## Problem
Where the records below begin, start copying, and stop after the line that contains "Cartes Pour Fêtes"; reproduce every line exactly but omit pictures.

* * *

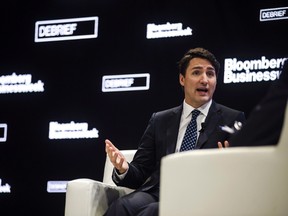 Prime Minister Justin Trudeau is interviewed by Bloomberg Editor-in-Chief John Micklethwait in Toronto on Thursday, April 17, 2017. THE CANADIAN PRESS/Christopher Katsarov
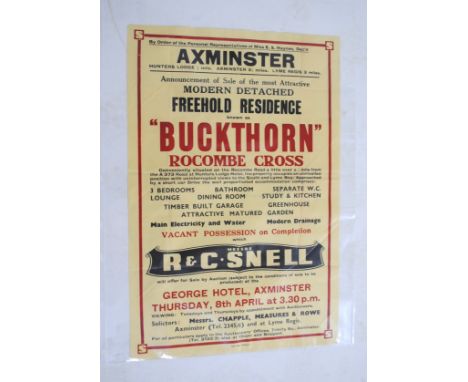 An R&C Snell (Axminster) poster for the sale of Buckthorn, Rocombe Cross, Axminster, dated Thursday 8th April - local interes
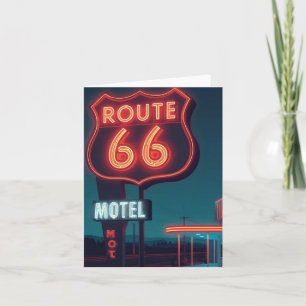 Cartes Pour Fêtes Annuelles Hôtel néon Route 66 Art de voyage nocturne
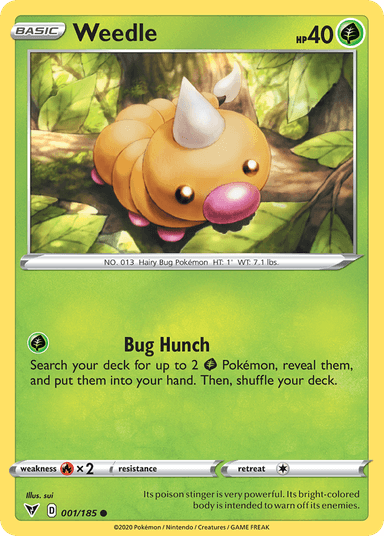Carta Weedle 1/185 do set Vivid Voltage — Pokémon TCG | Bynx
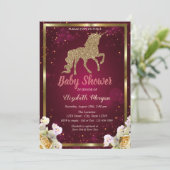 金ゴールドグリッターユニコーンフローラバーガンディーベビーシャワー 招待状 (スタンド正面)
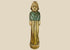 Antique European folk art figurine, 18th–19th century, hand-carved wood with painted surface, depicting a robed figure.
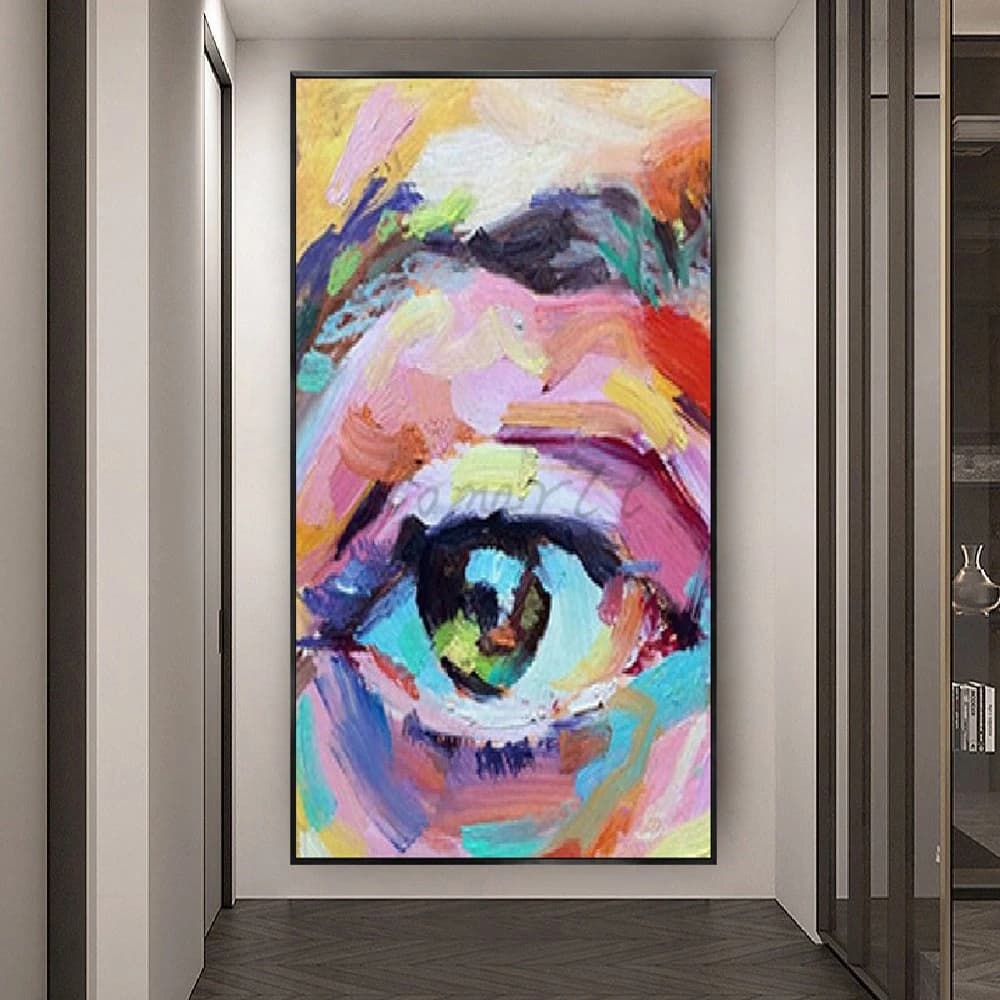 Nordic Nielly Colorful Eye Oil Painting on Canvas Handpainted Wall Art Picture for Living Room Decor Modern Abstract Artwork
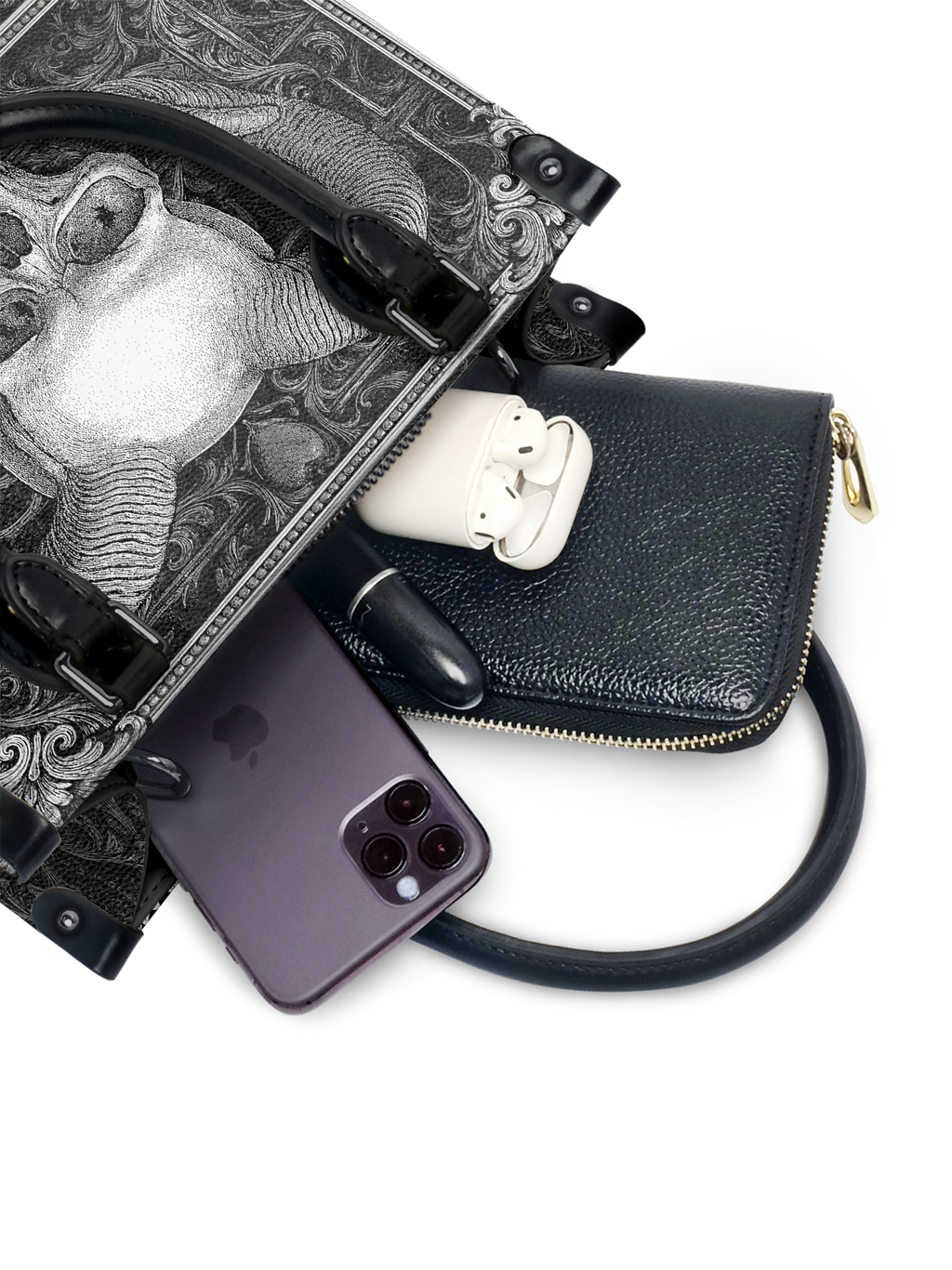 "Grimcrown" - Black Interior - Small Leather Handbag
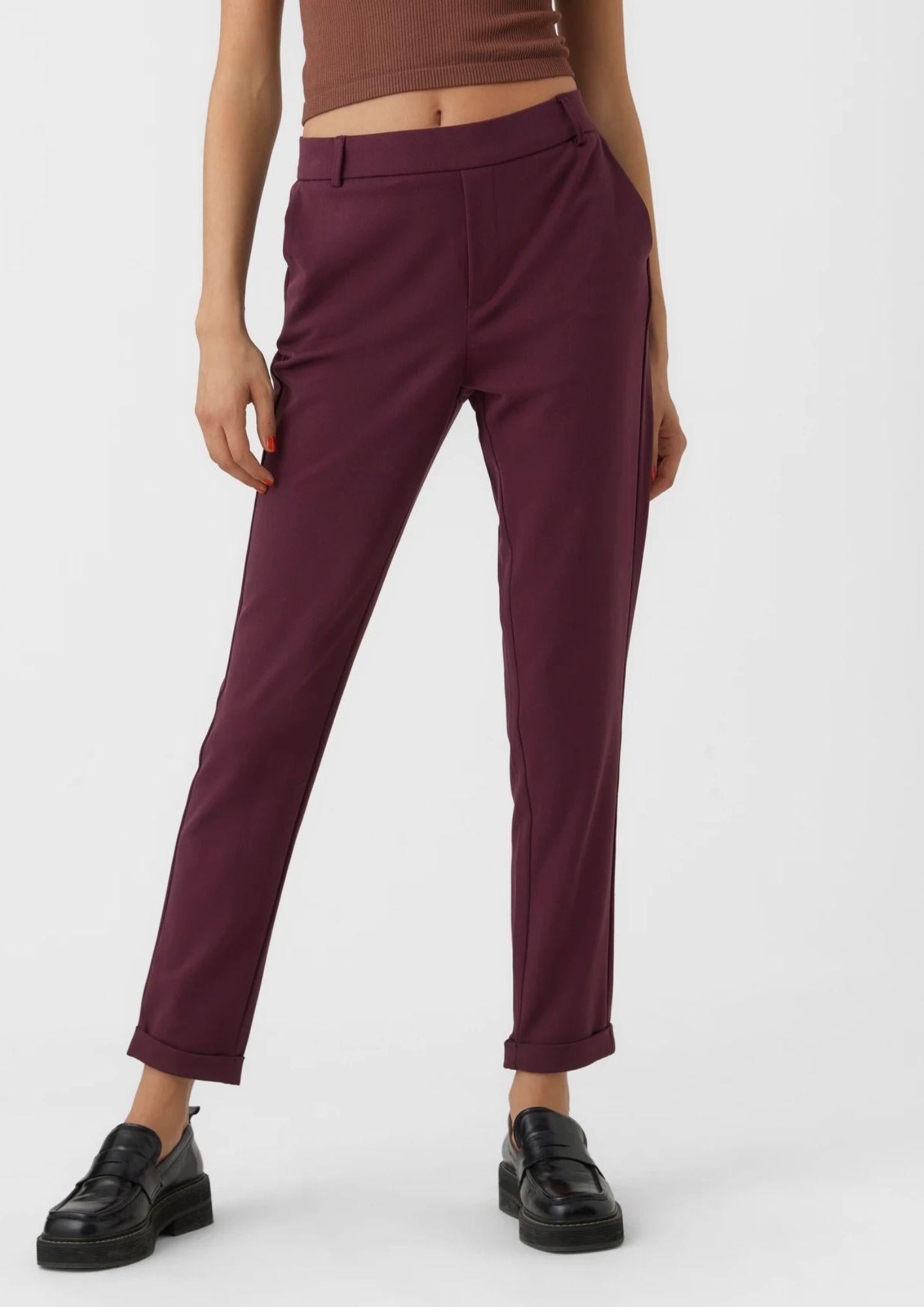 Vero Moda Pantaloni Donna Maya A Vita Media Viola 10225280 Winetasting VERO MODA 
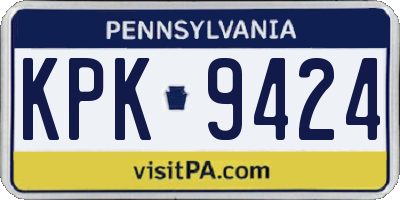 PA license plate KPK9424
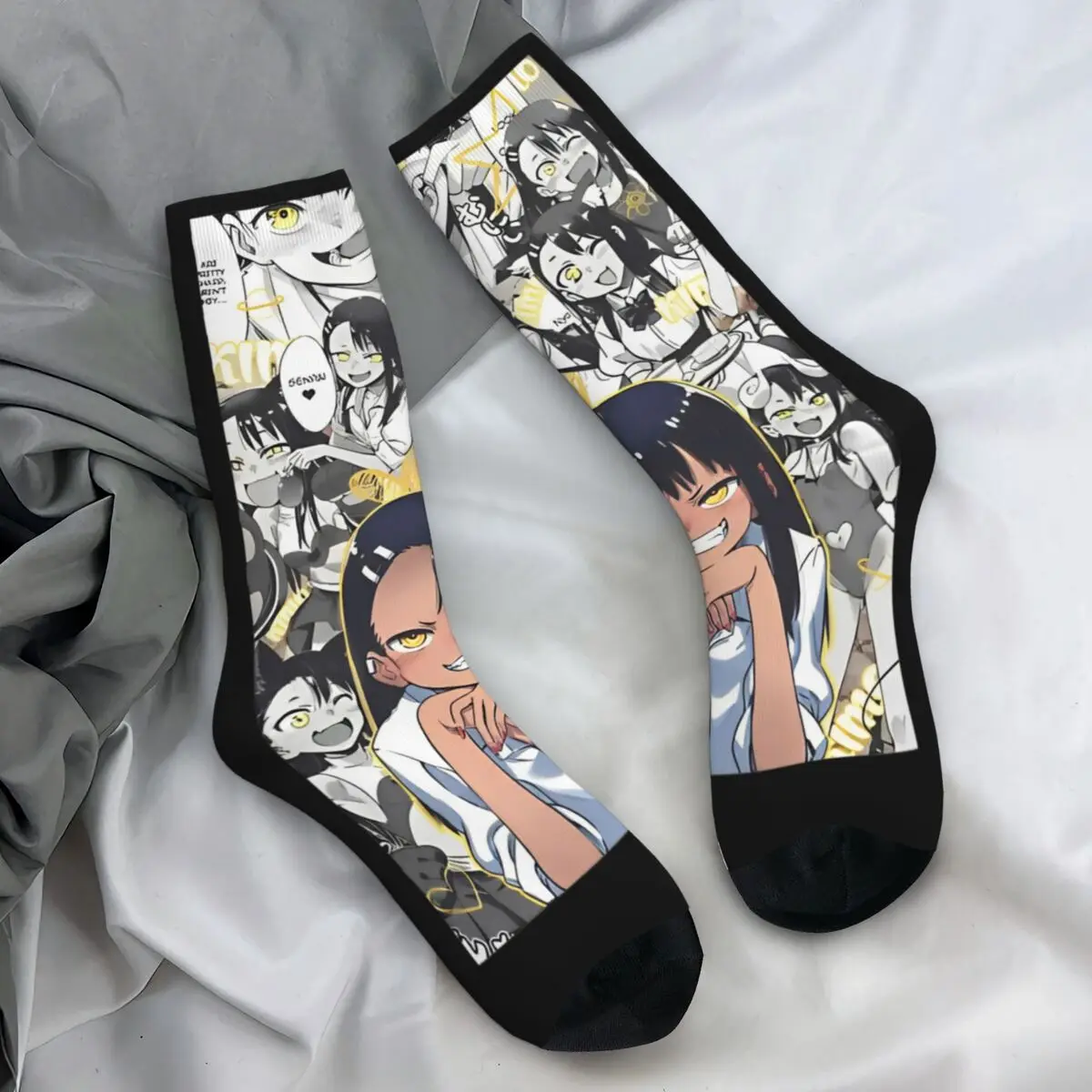Носки Nagatoro Hayase Ijiranaide Nagatoro-san, осенние чулки, забавные дышащие носки для взрослых и мужчин, дизайнерские противоскользящие носки для бега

* * *

## Answer to this task
 Prime Minister Justin Trudeau is interviewed by Bloomberg Editor-in-Chief John Micklethwait in Toronto on Thursday, April 17, 2017. THE CANADIAN PRESS/Christopher Katsarov
 An R&C Snell (Axminster) poster for the sale of Buckthorn, Rocombe Cross, Axminster, dated Thursday 8th April - local interes
 Cartes Pour Fêtes Annuelles Hôtel néon Route 66 Art de voyage nocturne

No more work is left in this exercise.